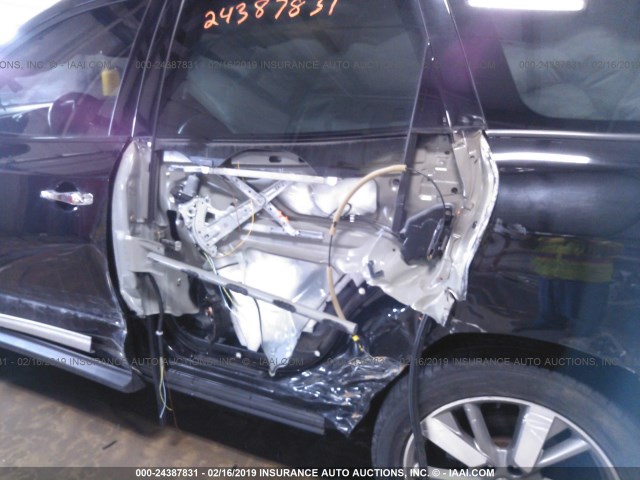 5N1AR2MM7EC647161 - 2014 NISSAN PATHFINDER S/SV/SL/PLATINUM BLACK photo 6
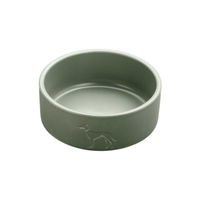 Produktbild von Hunter Keramik-Napf Osby für Hunde XL Khaki - 1900 ml
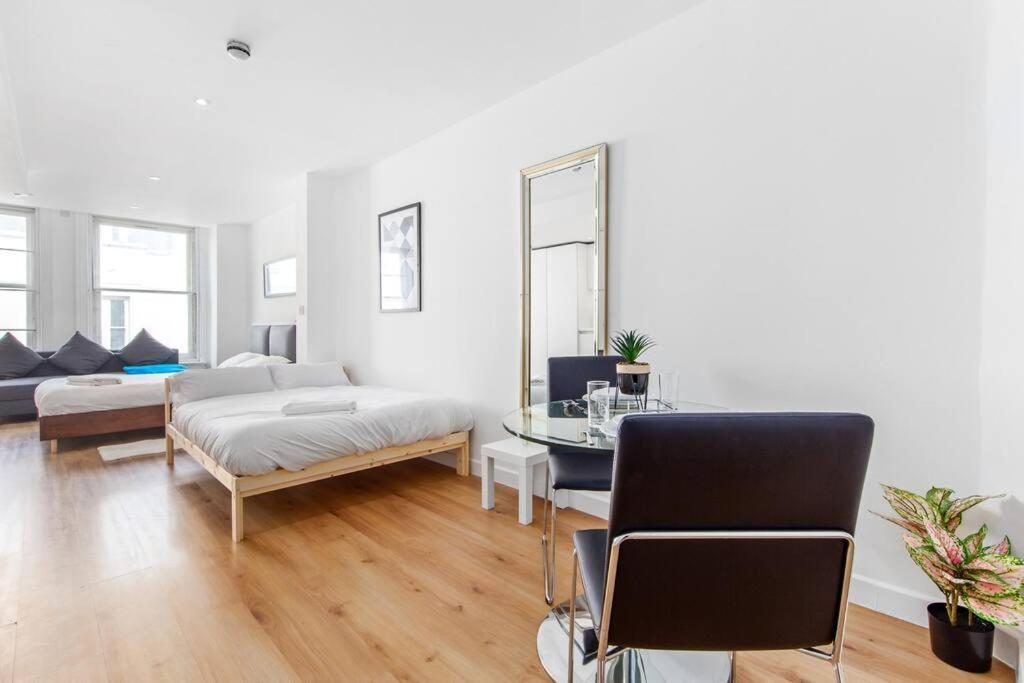 Stylish Sleep6 Flat At Iconic Piccadilly Circusvr6 Lejlighed London Eksteriør billede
——————————
Take the listing above and print it exactly, apart from the pictures.

| Exercise response |
 5N1AR2MM7EC647161 - 2014 NISSAN PATHFINDER S/SV/SL/PLATINUM BLACK photo 6
 Produktbild von Hunter Keramik-Napf Osby für Hunde XL Khaki - 1900 ml
 Stylish Sleep6 Flat At Iconic Piccadilly Circusvr6 Lejlighed London Eksteriør billede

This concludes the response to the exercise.